Why do we need residual connections?

Why was it that in 2006, when the VGG series and DarkNet19 were released, the deepest network at that time was 19 layers? For example, the deepest VGG series in that year was VGG19 and could not go deeper?

        The answer given by He Kaiming in his ResNet paper. The deeper the network, the larger the training error and testing error, and the accuracy will decrease compared with the shallow network. Because as the network deepens, gradient dispersion (gradient disappearance) will occur, and a lot of feature information will disappear in deeper layers of the network, resulting in the inability to present the best results. Of course, in the ResNet article, the author He Kaiming proposed the design structure of the residual connection Residual Block, which allows the network to break through the 19-layer frontier and continue to expand deeper.

What is a residual connection?

        The output data after various convolution processes and the original input data without various processes are added together, which is the residual connection.

What are the benefits of adding residual connections?

        The reason why the original data is added to the output data is because some features will disappear during the process of going through the bunch of convolutions (that is, the gradient disappears). By adding the original data, the lost features or lost features can be retrieved. Information. Without residual connection, you cannot capture these useful information or features, and the natural score will be low.

        Before adding the residual model, the error of the light blue line (18-layer network) is lower than the red line (34-layer network). But once the residual connection is added, the red line is lower than the light blue line, and the error of the deep network is lower than that of the shallow network.

Since ResNet is so good, why didn't the author directly "borrow" it in YOLOv3 and directly use ResNet as the backbone, but insisted on designing a new backbone DarkNet53?

        Because the ResNet model is too large (too many parameters), this will reduce the inference speed and affect real-time performance. 

Compared with ResNet, what improvements has been made in DarkNet-53?

         Same point:

                Both use a 3×3 convolution with Stride=2 instead of the max-pooling operation (the two have similar effects. They both reduce the dimension of a 3×3 area into a number, but one takes the max of these 9 numbers. , one is to use convolution operation to integrate 9 numbers into one number)

                They all use the residual structure

        difference:

                The number of convolutions in the convolutional layer suite is smaller. In the second to last column 101-layer in the figure below, you can see that the number of convolution kernel stacks is 3 (see the second column on the right side of the ResNet figure, there are four rows and four grids, each grid has three rows, indicating three convolutions). The DarkNet53 on the right only stacks 2 convolutions per convolution suite.

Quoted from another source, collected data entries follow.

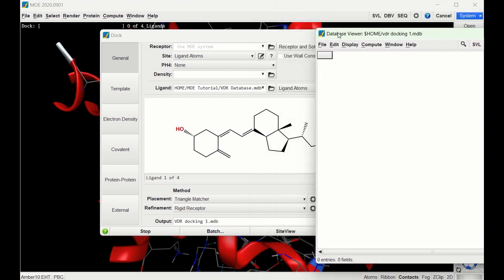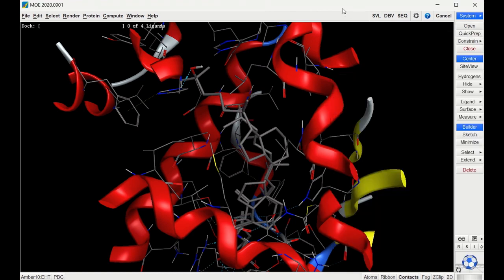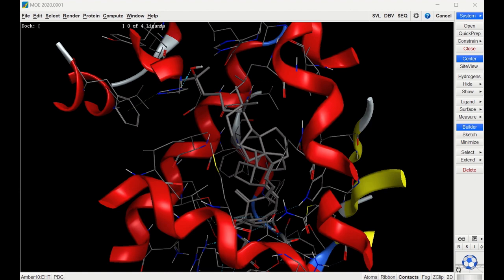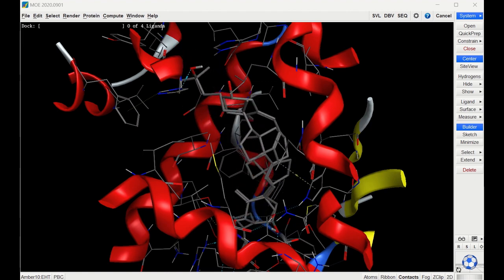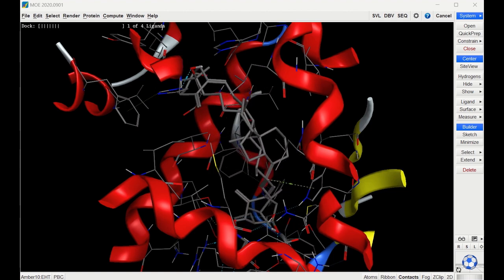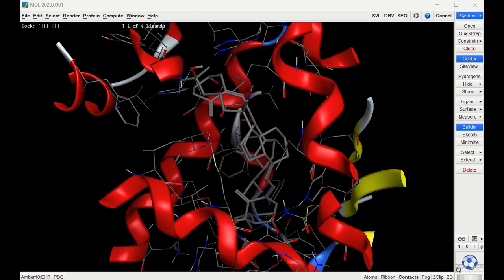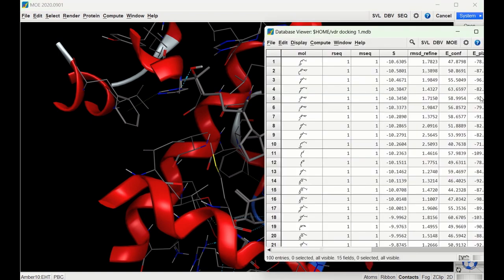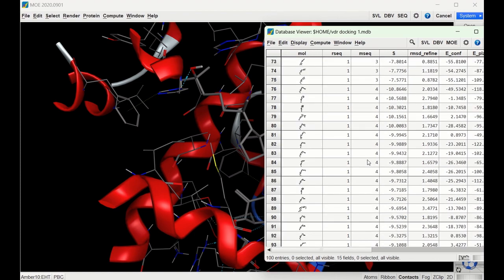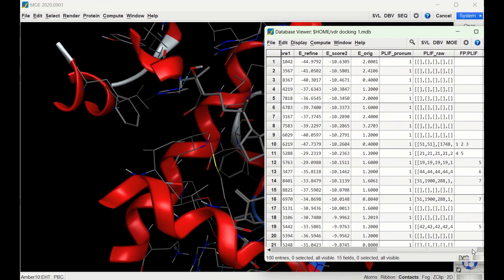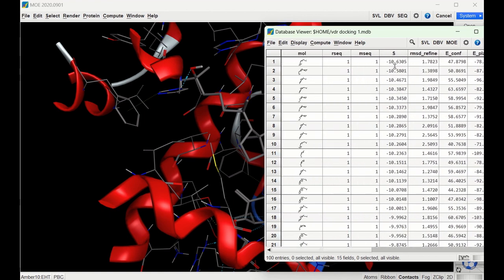A database pops up that will be filled with all the docking scores. You can see how it's throwing the different ligands into the receptor and how they fit. Now that it's done, let's look at the database. We have ligand one with all its different poses, then ligands two, three, and four as we scroll down. The value we care about is the S value, which is the docking score — the greater the negative number, the better the binding.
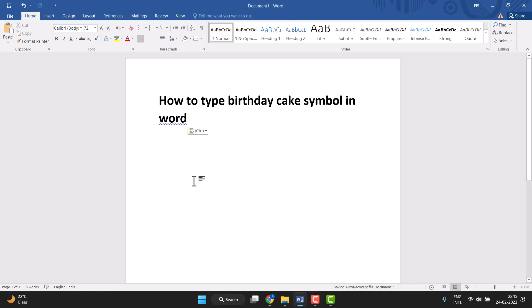Hello friends, today in this video I will show you how to type birthday cake symbol in Word. This is very easy to type.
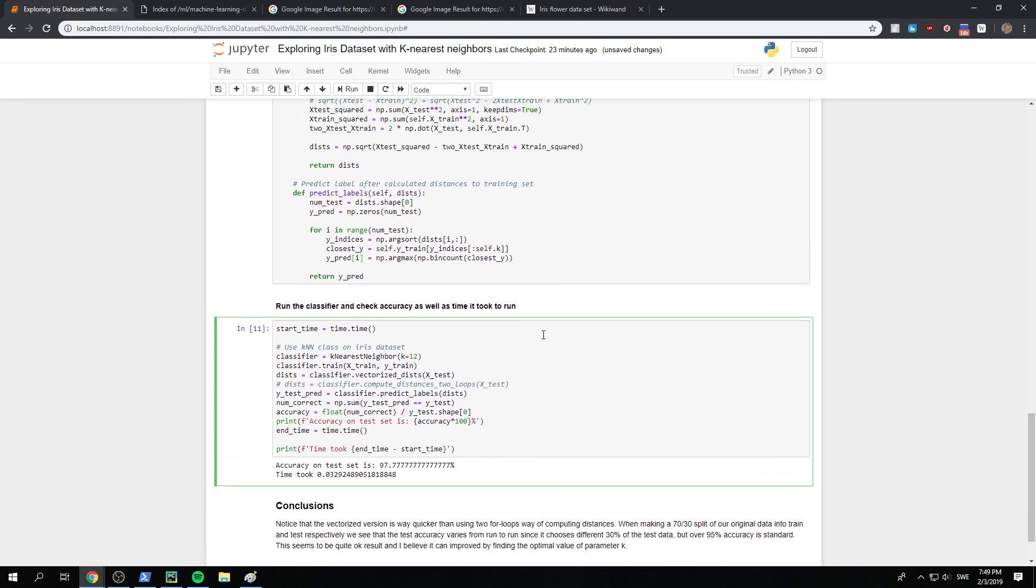All right. That's, I believe that's it for the iris dataset with the k-nearest neighbor classifier. So thank you for listening and see you next time.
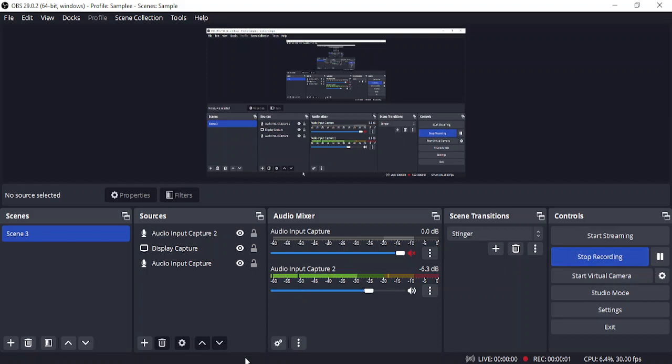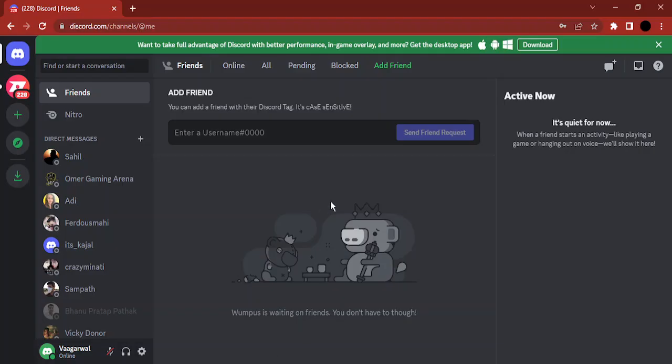Welcome to this video. We are going to see how you can disable the public stage updates in your Discord server. By default, once you are in your Discord server and logged in, if you are visiting a particular site or carrying out some activities, it shows in the public stage that is mentioned in your activity.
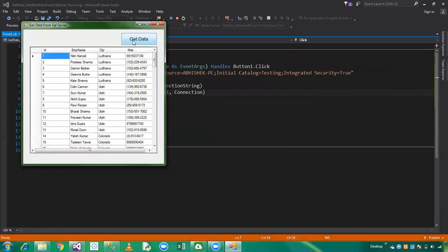We have successfully fetched the data from SQL Server to data adapter. This is all about data adapter. Please like this video, thanks for watching, subscribe to my channel, and have a great day.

                The final layer has fewer channels. The number of channels in the last layer of DarkNet53 is 1024, while the number of channels in the last layer of ResNet101 is 2048, which is twice that of DarkNet53.

                The number of residual blocks (note that this is not the number of convolution kernels, but the number of times a residual block is repeated in series). ResNet101 uses (3, 4, 23, 3), while DarkNet uses (1,2,8,4). The latter’s design of the number of residual blocks is more reasonable, while the former’s design of residual blocks has a certain degree of redundancy.

ResNet101 and DarkNet53 performance comparison

        When the two have similar accuracy (Top5, one is 93.7 and the other is 93.8), the speed is increased by 50% (BFLOP/s, ResNet101 is 1039, and DarkNet53 is 1457)

2. The addition of Feature Pyramid Network (FPN)

Purpose of joining FPN:

        In order to identify targets of different scales, such as large targets, small targets, and medium-sized targets.

Network layers of different depths on backnone will produce feature maps of different sizes and resolutions (different sizes). There are also differences in the semantic information contained in different depth layers. For example, high-resolution images (feature maps of shallower networks) have the characteristics of lower-level semantic information but do not have high-level semantic information. For classification tasks, It is unfriendly, but it is more helpful for positioning tasks.

(a) Featurized image pyramid: After the image is scaled (scaled to large scale, medium scale, small scale), an image feature is extracted for each scale of the image, and an object is recognized respectively. Note that the image scaling here uses artificially designed features, and CNN has not been used yet.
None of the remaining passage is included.